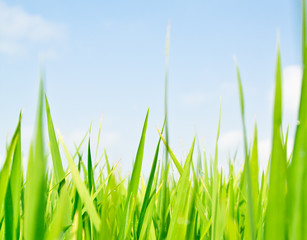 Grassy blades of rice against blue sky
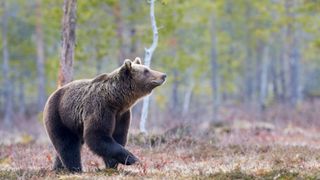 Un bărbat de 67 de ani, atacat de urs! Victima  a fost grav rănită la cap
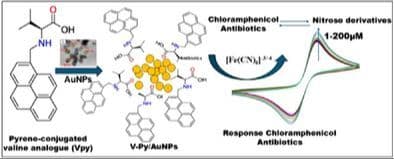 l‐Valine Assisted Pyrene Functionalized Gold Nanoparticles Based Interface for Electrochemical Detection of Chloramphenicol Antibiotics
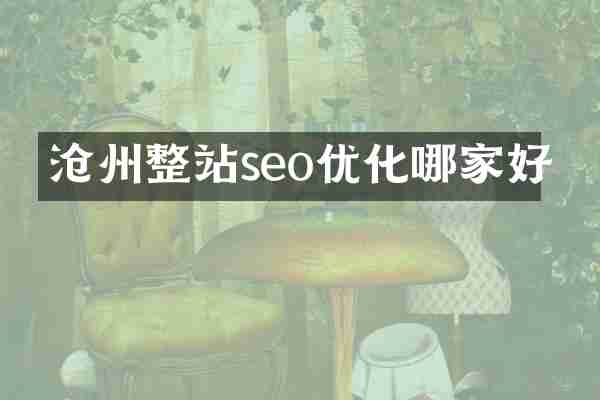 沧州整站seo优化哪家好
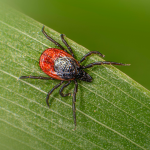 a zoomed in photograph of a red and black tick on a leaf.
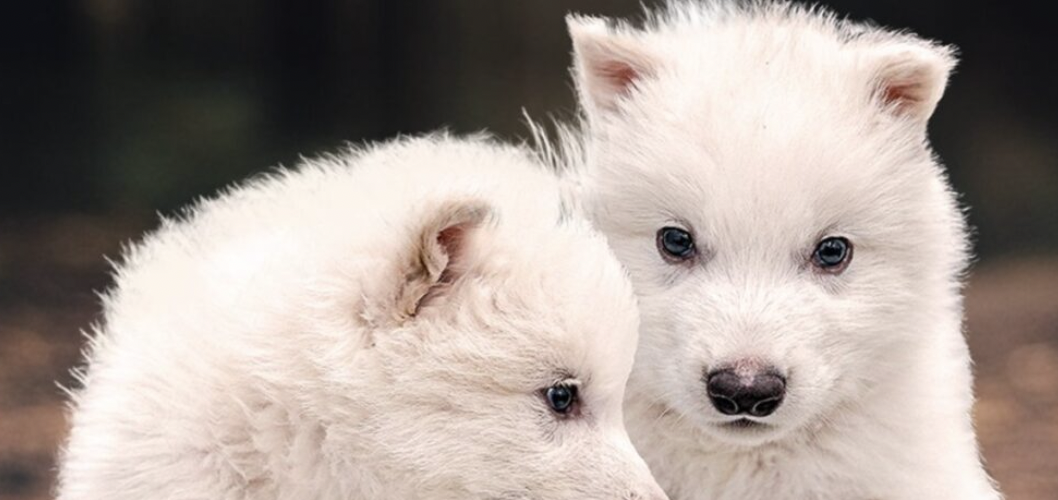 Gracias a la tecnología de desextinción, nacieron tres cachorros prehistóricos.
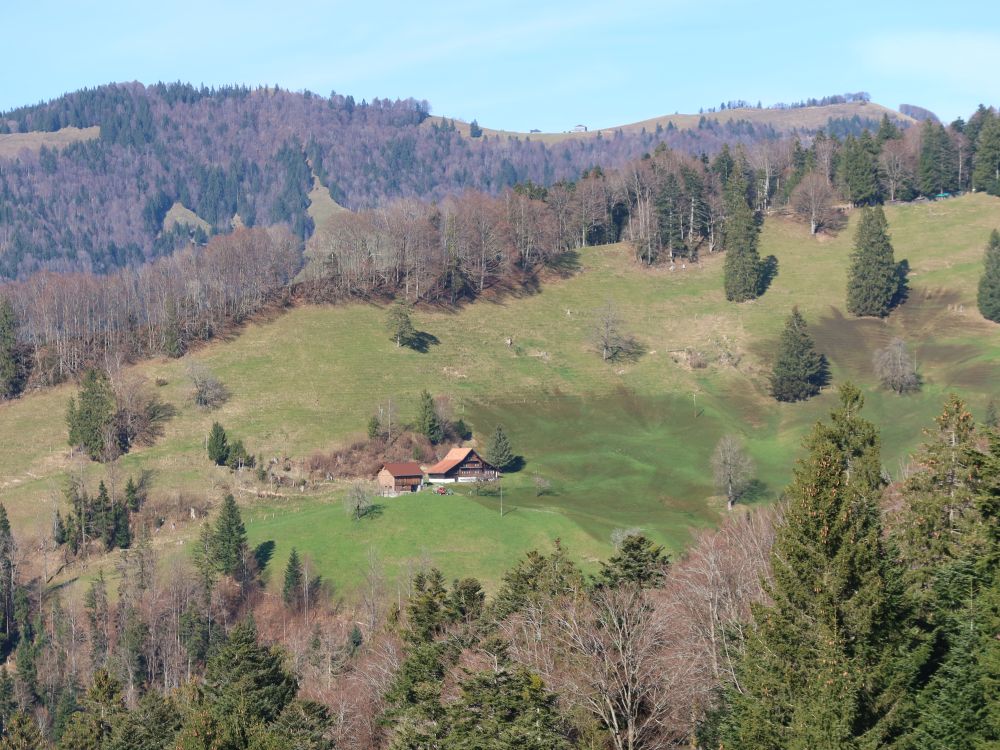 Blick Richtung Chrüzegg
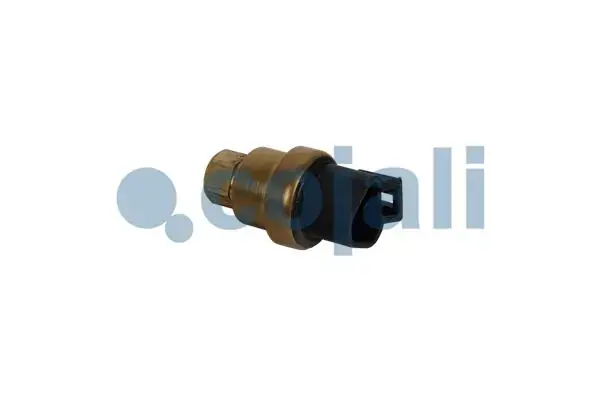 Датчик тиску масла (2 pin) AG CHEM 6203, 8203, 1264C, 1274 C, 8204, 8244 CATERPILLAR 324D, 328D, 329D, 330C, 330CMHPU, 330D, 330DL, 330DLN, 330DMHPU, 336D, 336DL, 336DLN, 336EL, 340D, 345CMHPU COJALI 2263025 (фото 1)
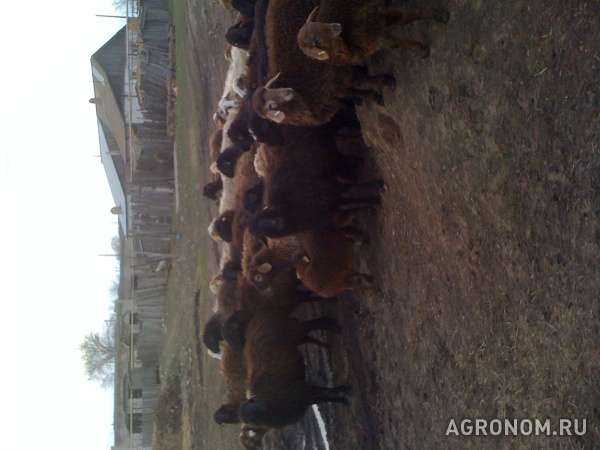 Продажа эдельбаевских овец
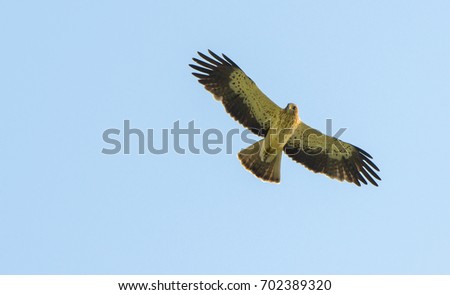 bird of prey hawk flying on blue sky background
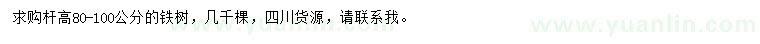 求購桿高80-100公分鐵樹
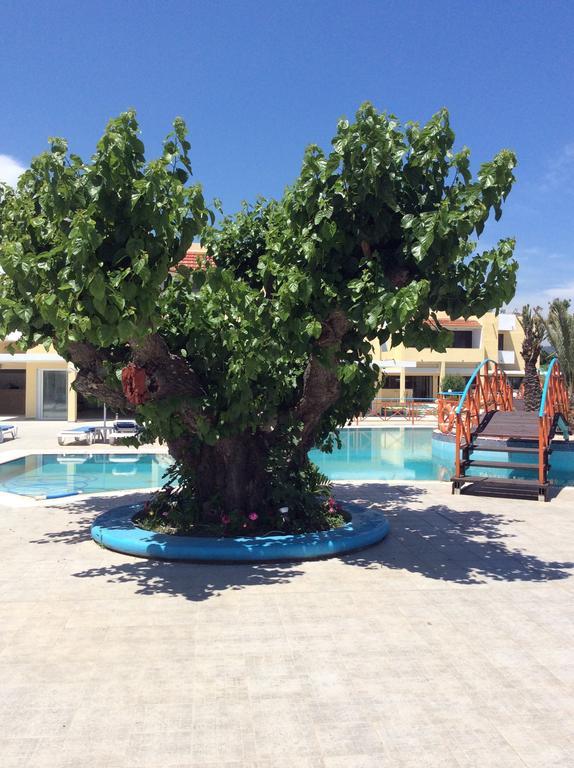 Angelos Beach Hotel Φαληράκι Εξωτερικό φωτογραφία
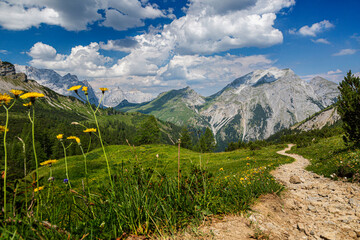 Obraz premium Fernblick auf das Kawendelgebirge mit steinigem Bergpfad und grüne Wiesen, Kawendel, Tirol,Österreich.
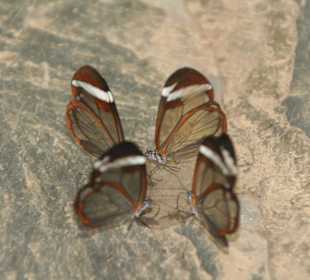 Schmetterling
#####
### WORK REQUEST
Repeat the line containing "Gracias a la" and every line after it up to the end of the material above, exactly as they stand, minus the pictures.

### RESPONSE TO THE TASK
 Gracias a la tecnología de desextinción, nacieron tres cachorros prehistóricos.
 Blick Richtung Chrüzegg
 Датчик тиску масла (2 pin) AG CHEM 6203, 8203, 1264C, 1274 C, 8204, 8244 CATERPILLAR 324D, 328D, 329D, 330C, 330CMHPU, 330D, 330DL, 330DLN, 330DMHPU, 336D, 336DL, 336DLN, 336EL, 340D, 345CMHPU COJALI 2263025 (фото 1)
 Продажа эдельбаевских овец
 bird of prey hawk flying on blue sky background
 求購桿高80-100公分鐵樹
 Angelos Beach Hotel Φαληράκι Εξωτερικό φωτογραφία
 Obraz premium Fernblick auf das Kawendelgebirge mit steinigem Bergpfad und grüne Wiesen, Kawendel, Tirol,Österreich.
 Schmetterling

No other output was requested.